Despite being smaller and more mature than most of its Central and Eastern European (CEE) peers, Slovenia still offers considerable commercial opportunities within its pharmaceutical market. Most of the growth over the coming years is set to be driven by the introduction and use of more advanced treatments, despite the government’s attempt to control pharmaceutical spending by placing limits on prescribing and similar measures. In addition, the fact that most branded generics enjoy relatively high prices in relation to original products will support this upward trend. In the meantime, the high incomes of a substantial proportion of the population will also be positively reflected in the growth of the over-the-counter (OTC) segment, especially as consumers become more health conscious. The government’s programme for reducing the use of hospitals, as well as an attempt to address overprescribing, will also result in the development of the OTC market.
The Slovenian medical devices market is relatively advanced in relation to its CEE peers. Further commercial opportunities are provided by the country’s wealth, healthcare system modernisation and rising patient demands. While imports have traditionally dominated the medical devices landscape, exports have recorded strong growth in recent years, with the main destinations being the territories of the former Yugoslavia.
In the adjusted Business Environment Rankings for Q208, Slovenia slipped from joint sixth to joint eighth position, which it now occupies alongside Romania. The country’s ranking is negatively affected by its limited population number, negligible population growth and the country’s inadequate IP laws.

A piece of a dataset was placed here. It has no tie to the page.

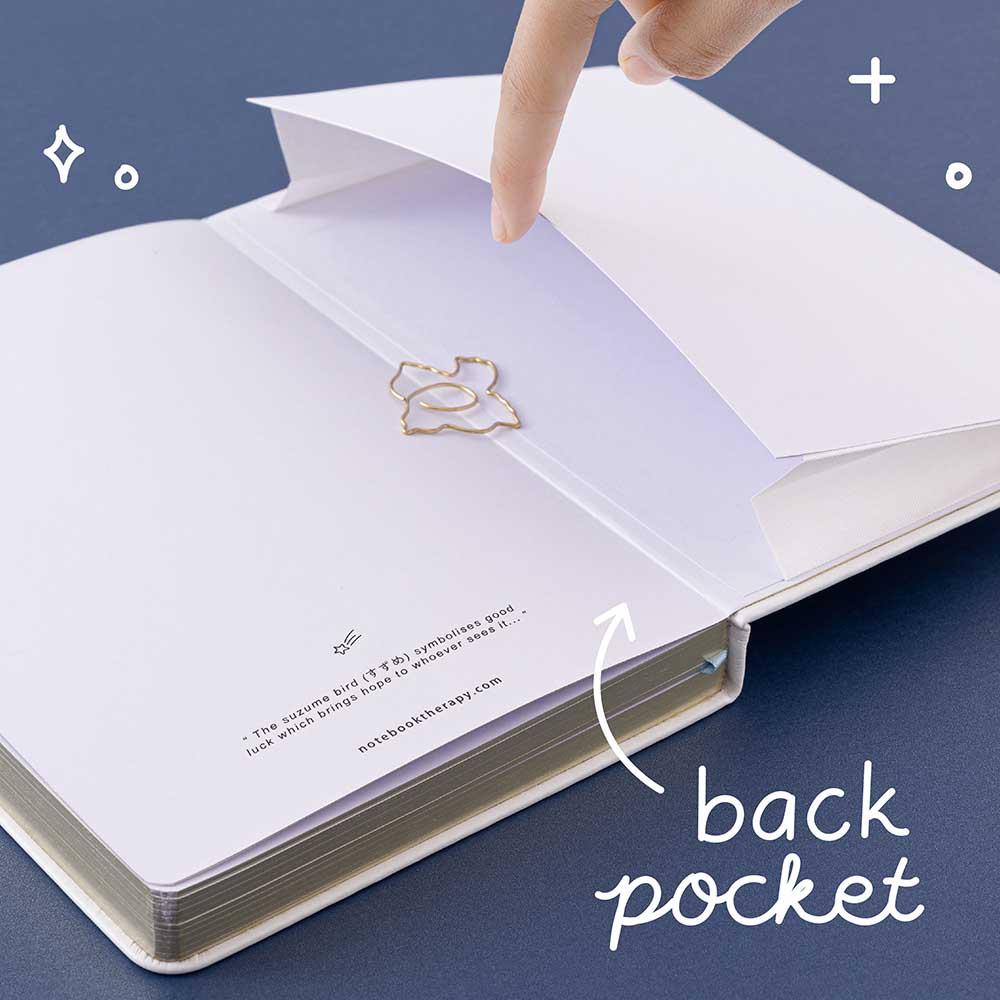 Open back page pocket of Tsuki ‘Suzume’ Winter Limited Edition Bullet Journal held in hand with free bookmark gift on navy background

On the other hand, the expansive private insurance coverage and established trade regimes with Western Europe (boosted by the recent entry into the eurozone) allow for good placement of novel drugs onto the market.
Given the limitations of a saturated home market, Slovenia’s key pharmaceutical producers - namely Lek and Krka - are increasingly looking abroad for revenue. Lek’s activities have expanded following its takeover by Sandoz, a generic arm of Swiss major Novartis, while in November 2007 Krka indicated a change in its strategy, which was previously focused on organic growth, by acquiring a German generics firm. Foreign firms are highly visible on the local market, but only through imports - bar Novartis.